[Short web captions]
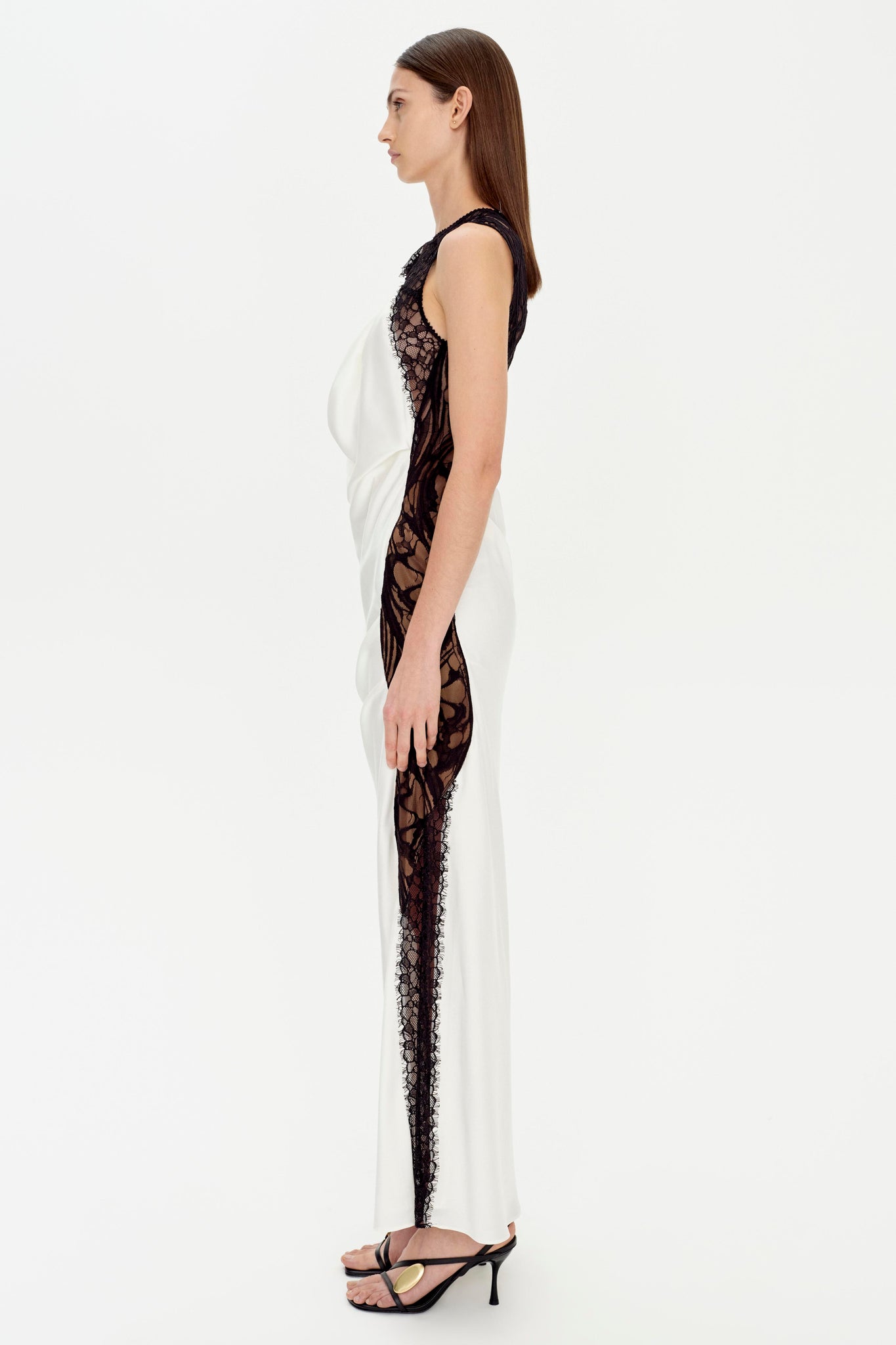 Vea Gown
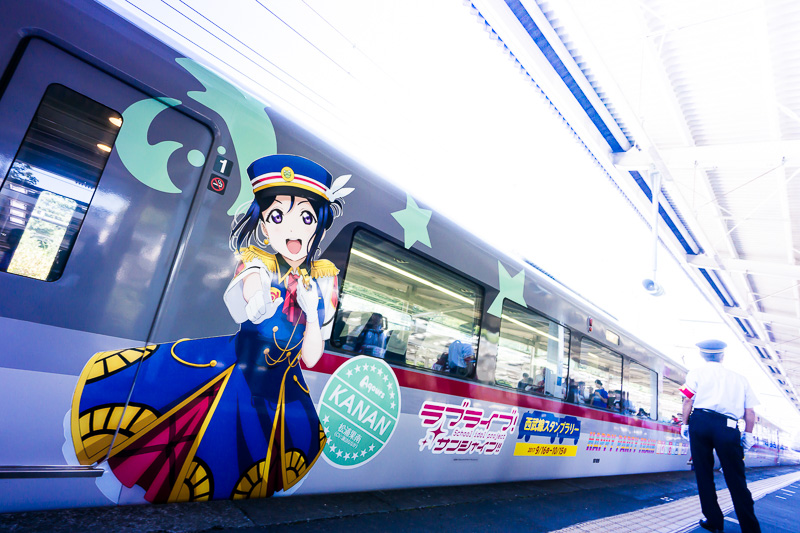 アニメ「ラブライブ！ サンシャイン!!」に登場するアイドルで大胆なラッピングが施された「ラブライブ！ サンシャイン!!×西武鉄道 プレミアムトレインツアー」の車両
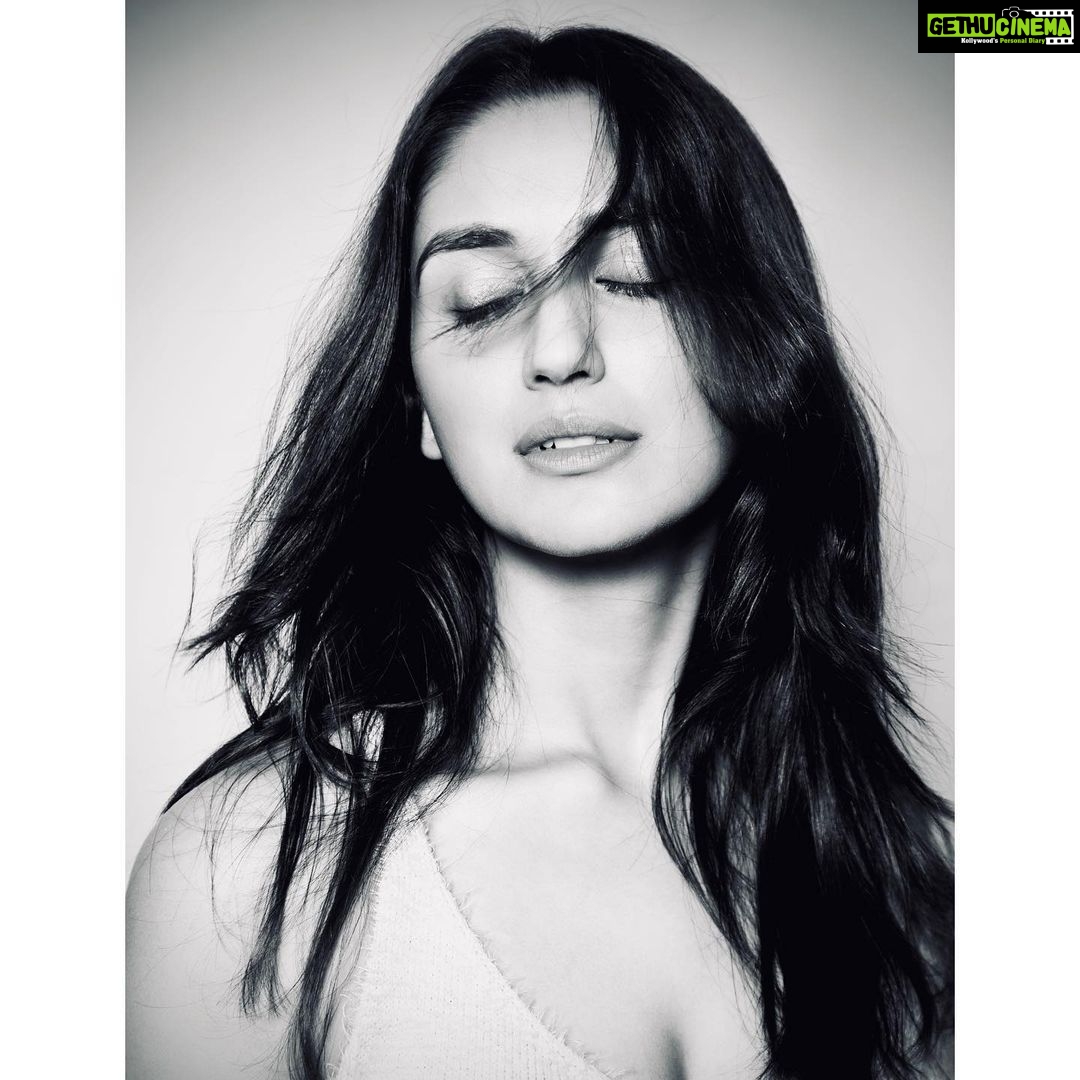 Nikita Dutta Instagram - Wise words of Avicii, “wake me up when it’s all over” 😴🎵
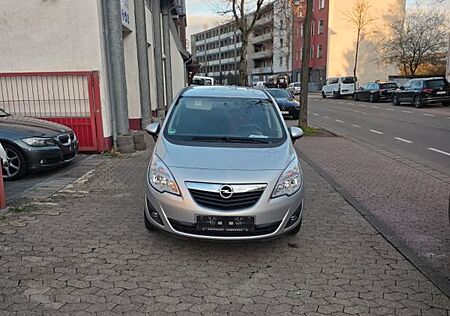 Opel Meriva B Design Edition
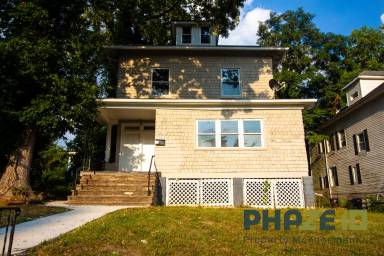Main picture of 2409 Elsinore Ave
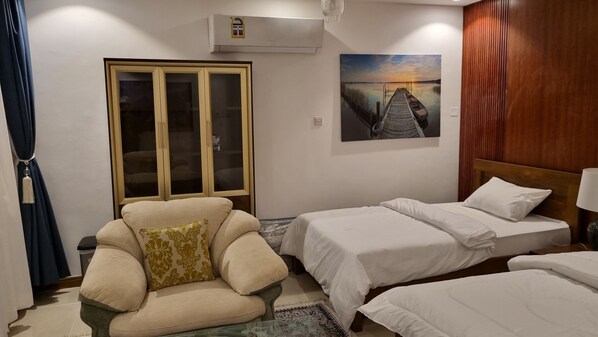 4 bedrooms, WiFi, bed sheets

**ABOUT THIS EXERCISE:** Please print the span that begins at the line holding "Main picture of 2409 Elsinore Ave" and ends at the last line of the data, both ends included, with no pictures.

**EXERCISE RESULT:**
Main picture of 2409 Elsinore Ave
 4 bedrooms, WiFi, bed sheets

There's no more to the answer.